Mount Sabyinyo ("Sabyinyo" is derived from the Kinyarwanda word "Iryinyo", meaning "tooth"; also "Sabyinyo, Sabyinio") is an extinct volcano in eastern Africa in the Virunga Mountains. Mount Sabyinyo is the oldest volcano of the range. It is north-east of Lake Kivu, one of the African Great Lakes, and west of Lake Bunyonyi in Uganda. The summit of the mountain, at 3669 m, marks the intersection of the borders of the Democratic Republic of the Congo (DRC), Rwanda, and Uganda, and holds religious significance for local tribes. It also is within the adjoining national parks established by these countries: Virunga National Park in the DRC, the Volcanoes National Park in Rwanda, and Mgahinga Gorilla National Park in Uganda.

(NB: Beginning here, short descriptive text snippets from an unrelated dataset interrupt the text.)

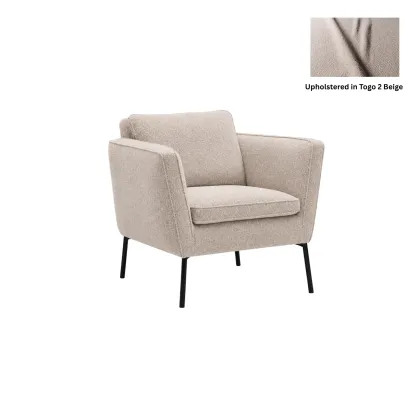 SITS Teddy Armchair in Togo 2 Beige CLEARANCE
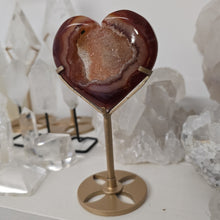 Load image into Gallery viewer, Carnelian Heart with Stand
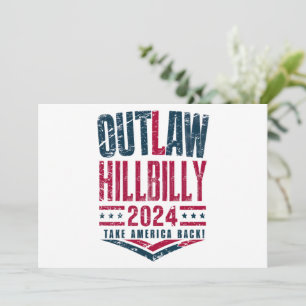 Antieke verkiezingen Outlaw Hillbilly Amerikaanse  Kaart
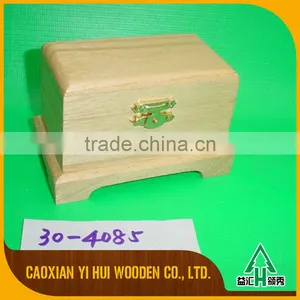 Light Weight Solid Wood Box With Black Painting and Slide Lid thumbnail-2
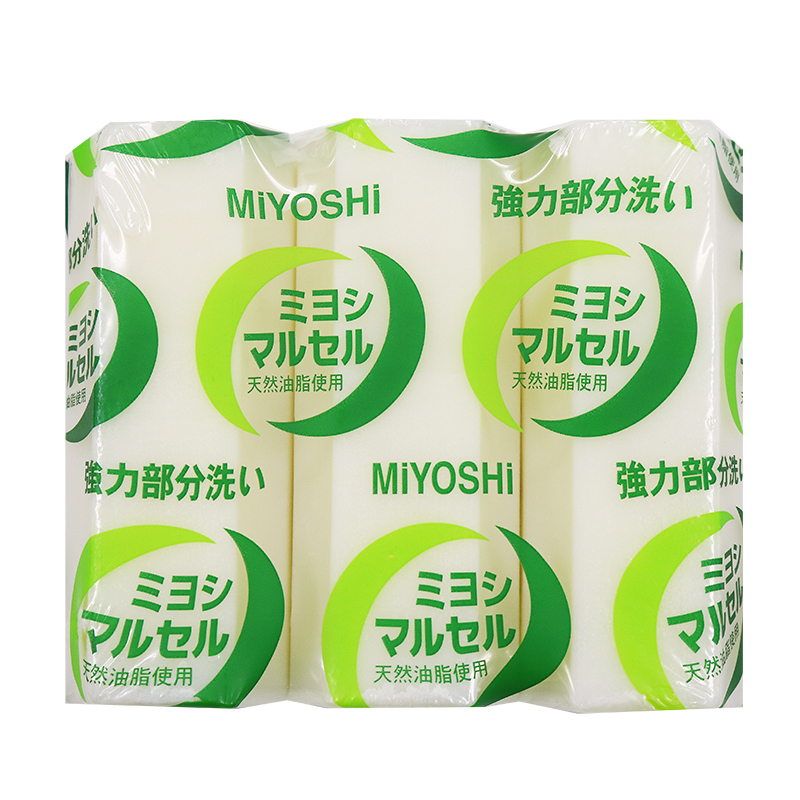 日本i三芳无添加去污洗衣皂 宝宝可用 140g*3块装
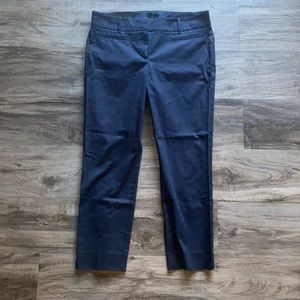 Ann Taylor Devin Cropped Leg Pant Navy Size 6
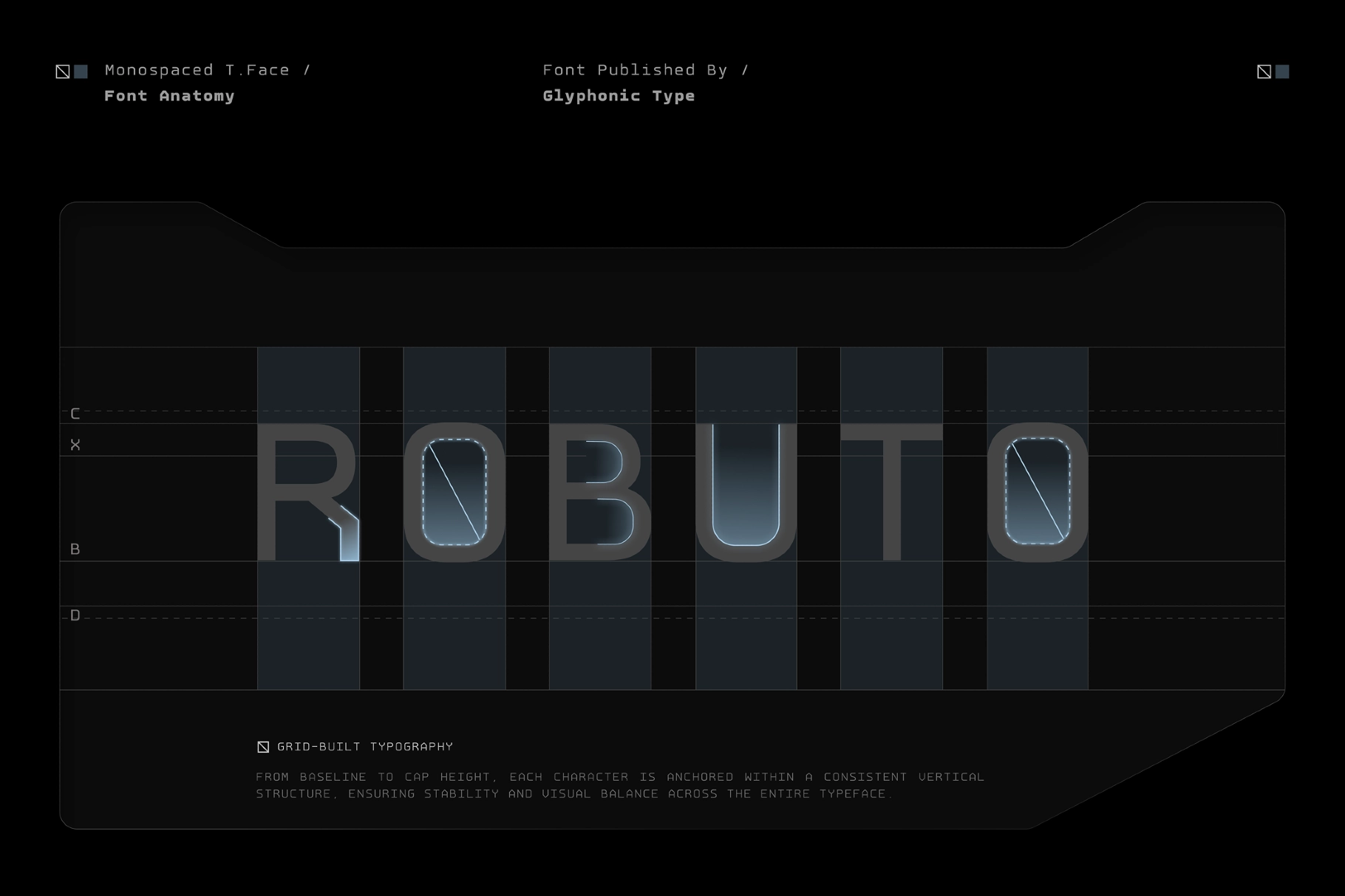 GC Robuto Mono - Tech Monospace Font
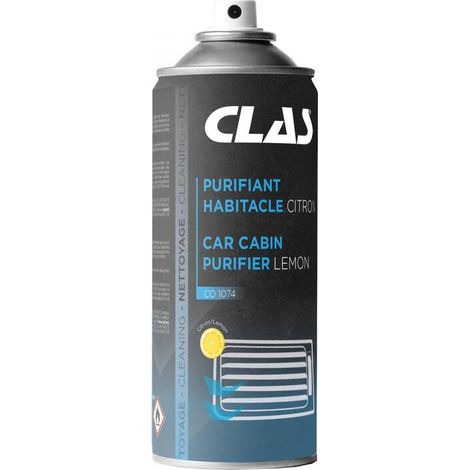 Spray purifiant conduits d'air et habitacle 400ml Citron - CO 1074 - CLAS Equipements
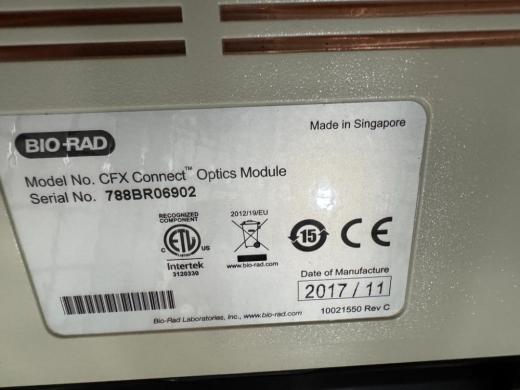 Bio-Rad CFX Connect Real-Time Thermal Cycler for Quantitative PCR Applications-cover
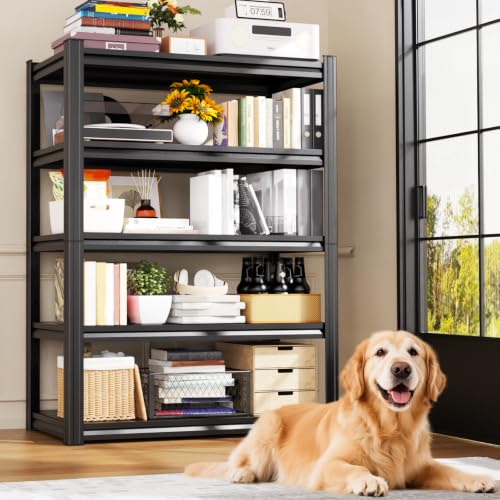 Heavy Duty Garage Shelving 5-Tier Adjustable Metal Storage Rack 71"H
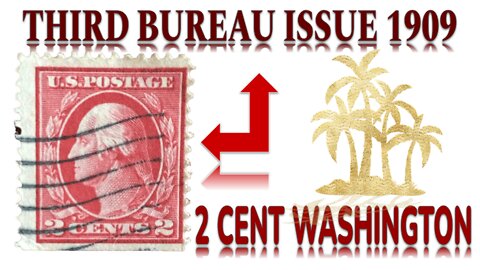 Stamp Collection: 2 Cent Washington 1909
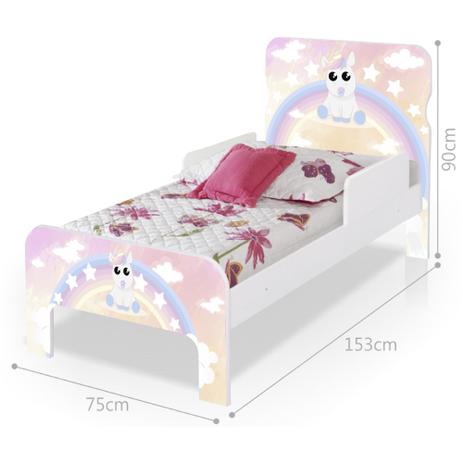 Quarto Infantil Completo com Estante e Cama Unicórnio Baby - Casah Menor preço em Quarto Infantil Completo com Estante e Cama Unicórnio Baby - Casah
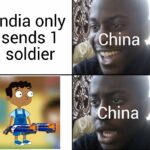 Dank Memes Dank, China, India, Indian, Chinese, Monday text: India only sends 1 soldier China hina  Dank, China, India, Indian, Chinese, Monday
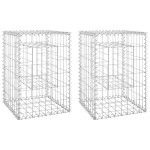 vidaXL Stâlpi tip coș gabion, 2 buc., 40x40x60 cm, fier vidaXL Stâlpi tip coș gabion, 2 buc., 40x40x60 cm, fier
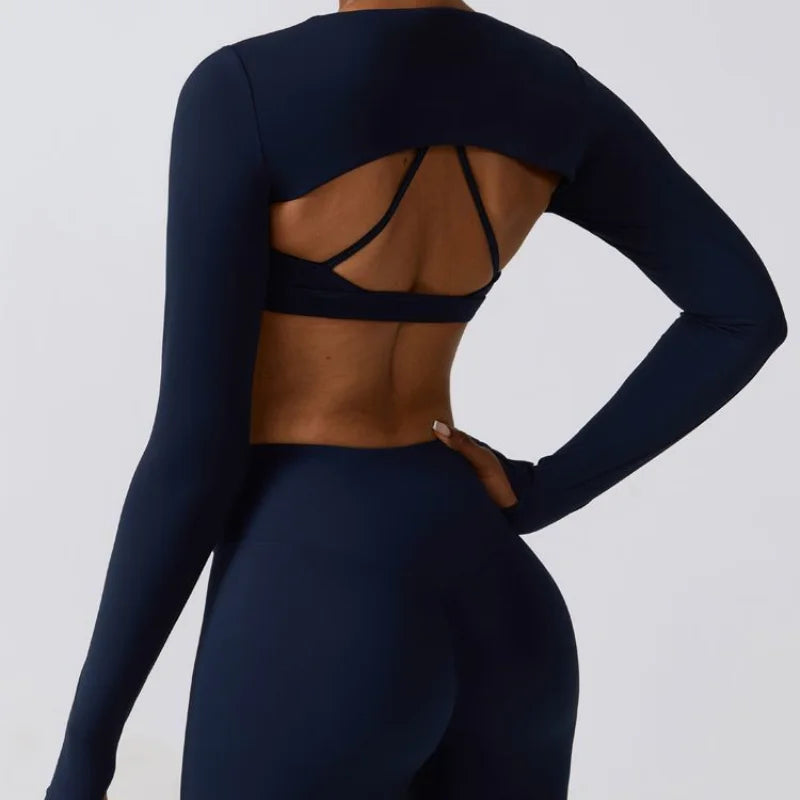 Women'S Sexy Tight Yoga Clothes Two-Piece Set with Chest Pad Sports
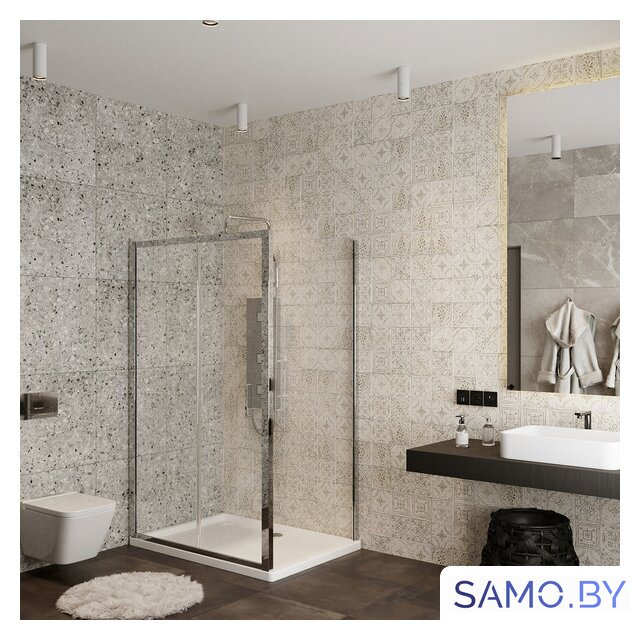 Душевой уголок Roxen Caspia 55060-100 100х80 - Изображение №5 — Интернет-магазин samo.by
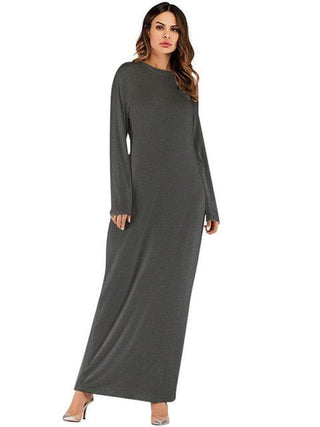 9099#Modal Cotton Jersey hight quality latest abaya designs CHAOMENG MUSLIM SHOP muslim abaya dress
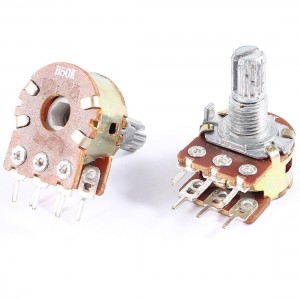 2 Pcs B50K 50K Ohm 6 Terminals Dual Linear Rotary Taper Potentiometers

The slopes of Mount Sabyinyo are a habitat for the critically endangered mountain gorilla. The mountain carries the local nickname "Old Man's Teeth," because its serrated summit resembles worn teeth in a gum line (in contrast to the perfect conical summits of the adjacent mountains in this range).

The peaks of Mount Sabyinyo can be easily done and accessed and trekked along the foothills from the side of Mgahinga National park in Uganda.